The fatal tendency is to divide Christians into two groups: religious and the laity, exceptional Christians and ordinary Christians, the one who makes a vocation of the Christian life and the man who is engaged in secular affairs. That tendency is not only utterly and completely unscriptural; it is ultimately destructive of true piety and is, in many ways, a negation of the gospel of our Lord Jesus Christ. There is no such distinction in the Bible.

Aimee Joseph

God is quick to catch the sigh of the heart. He hears our silent sighs under the heavy mantle of leadership or parenting. He hears our short sighs of loneliness or exhaustion or choking grief that go unnoticed by others, and he seeks to comfort us. The Spirit is translating those sighs into prayers according to the perfect will of God. May we be comforted to know that our Father hears our slightest sighs as loud cries.

Keith Ferranate

The problem in our church world is that we’re so fixated on pastors and pulpits.
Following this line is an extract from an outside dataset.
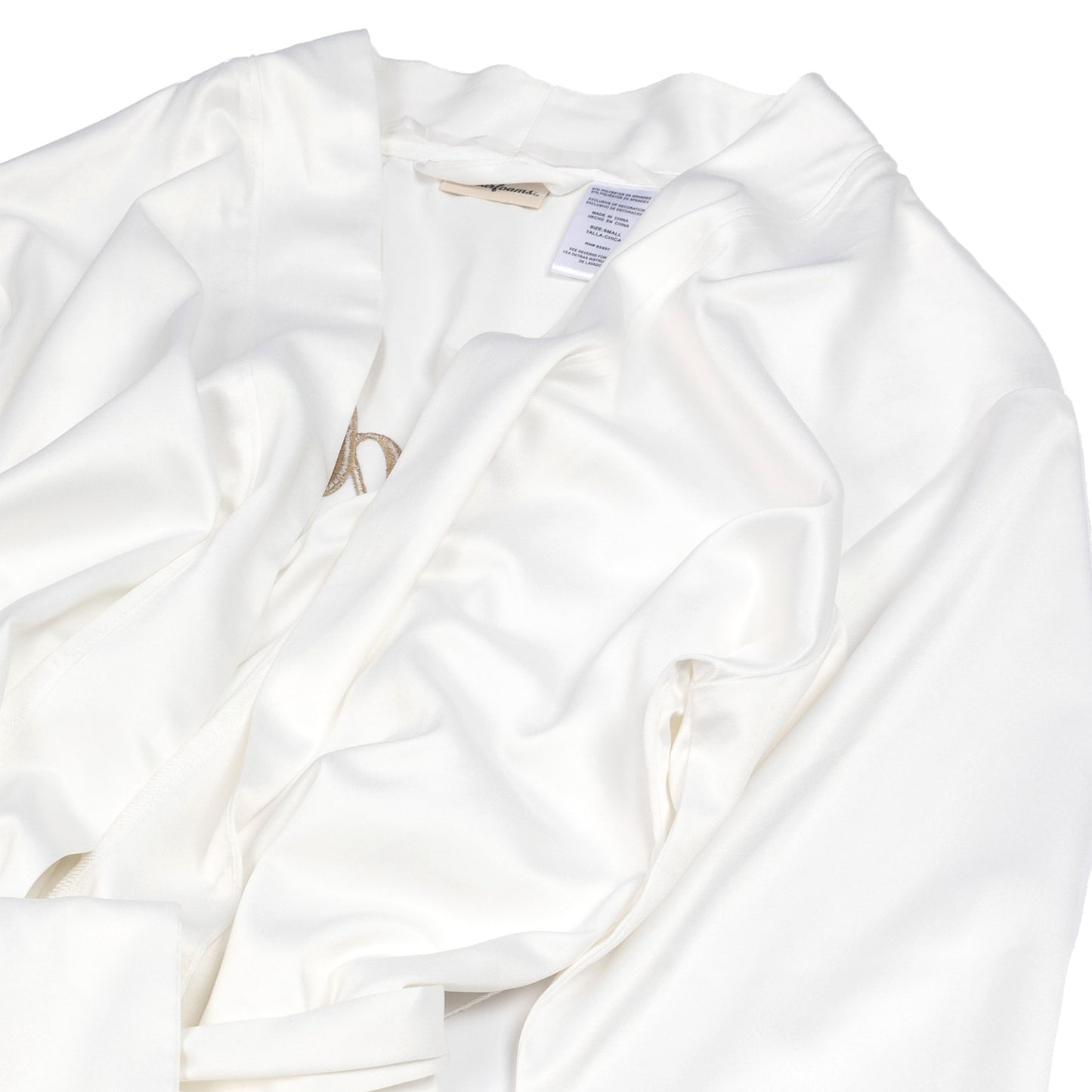 I Do Bridal Robe | Dearfoams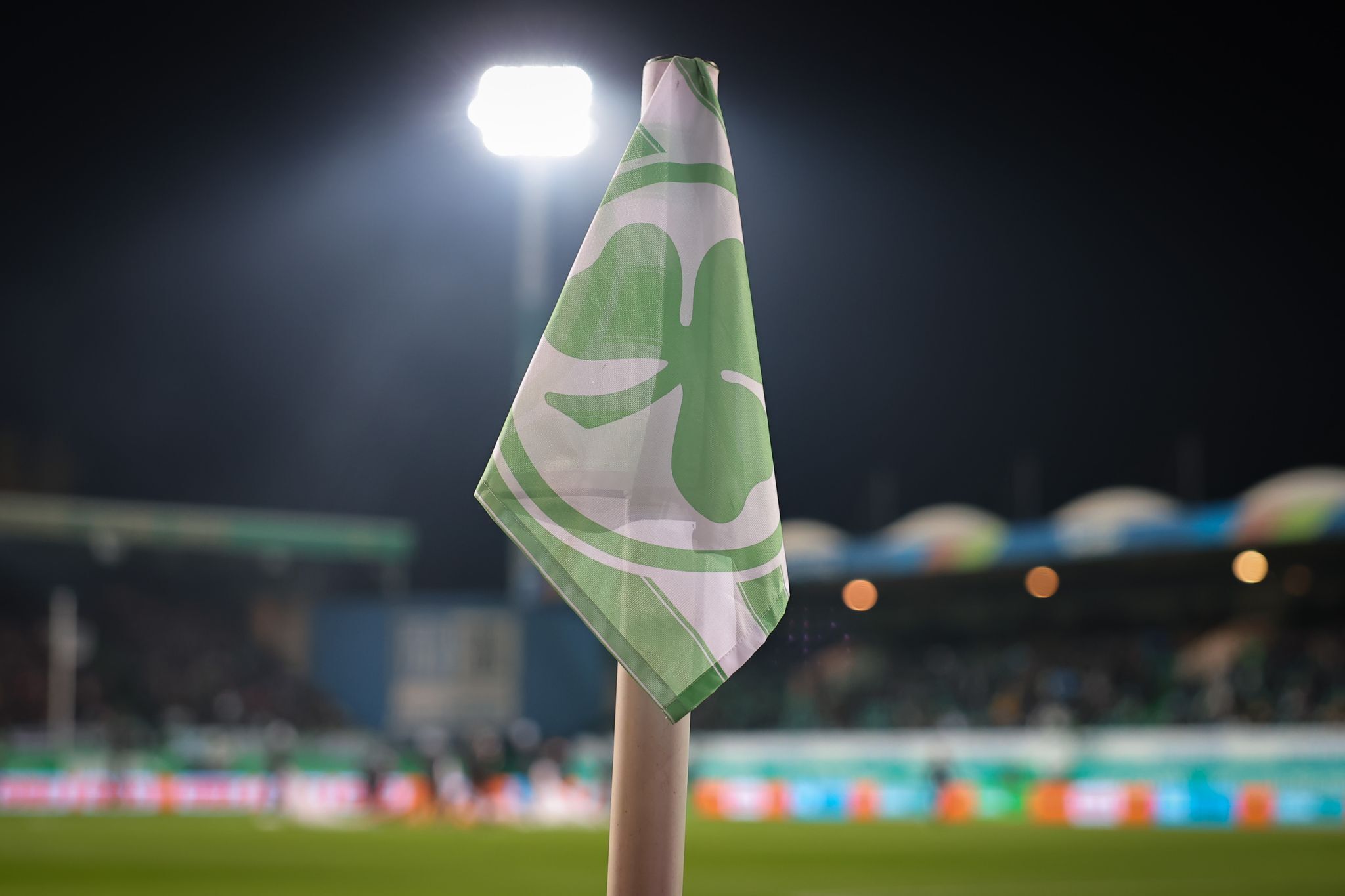 Fürth holt Mittelfeldspieler Arifi aus Finnland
The vast majority of people in the Christian world will never see a pulpit. If we don’t get unimpressed with the pulpit and pastors, then we’ll never see the reformation and harvest we all want. Whatever you affirm, you empower. Not afirming the ministry that goes on through the saints in their daily life, work, family, the mundane but necessary things, etc., has caused the repetitive strongholds that don’t get a breakthrough. We wonder why we don’t see a breakthrough in our churches, so we try harder and harder to preach better sermons and have better speakers because we hope that it’s the way to bring transformation. In this reformation, God is moving the pulpit from center stage to the back corner. The pulpit will still have a role. But our view of the pulpit will drastically change, and preaching in a church building behind the pulpit will become a smaller part of the transformation needed in the church, not the largest part. Now don’t get me wrong, most of my world is built around the pulpit. I love to preach and spend a lot of time preaching, teaching and training. But God is up to something different.

Charles Finney

If an elder or private member of the church finds his brethren cold towards him, there is but one way to remedy it. It is by being revived himself, and pouring out from his eyes and from his life the splendor of the image of Christ. This spirit will catch and spread in the church, and confidence will be renewed, and brotherly love prevail again.

Lu Niebergall

If we have a call to lead many, how well are we loving and caring for those God has placed around us? Sometimes we can get so lost in the idea of our “grand call” that we forget about loving the one in front of us; we forget about discipling those who God has entrusted to us. We must remember that God entrusts nations to those with the heart of a shepherd.

 

Ruth Haley Barton

I have been drawn to the story of Moses, because his hard-won strength of soul forged in his private encounters with God gave him the staying power he needed for the long haul of leadership. He made it all the way to the finish line of his life in leadership not because he knew how to think about leadership and conceptualize it in clever ways. He lasted because he allowed his leadership challenges to catalyze and draw him into a level of reliance on God that he might not have pursued had it not been for his great need for God which he experienced most profoundly in the crucible of leadership. He literally had no place else to go!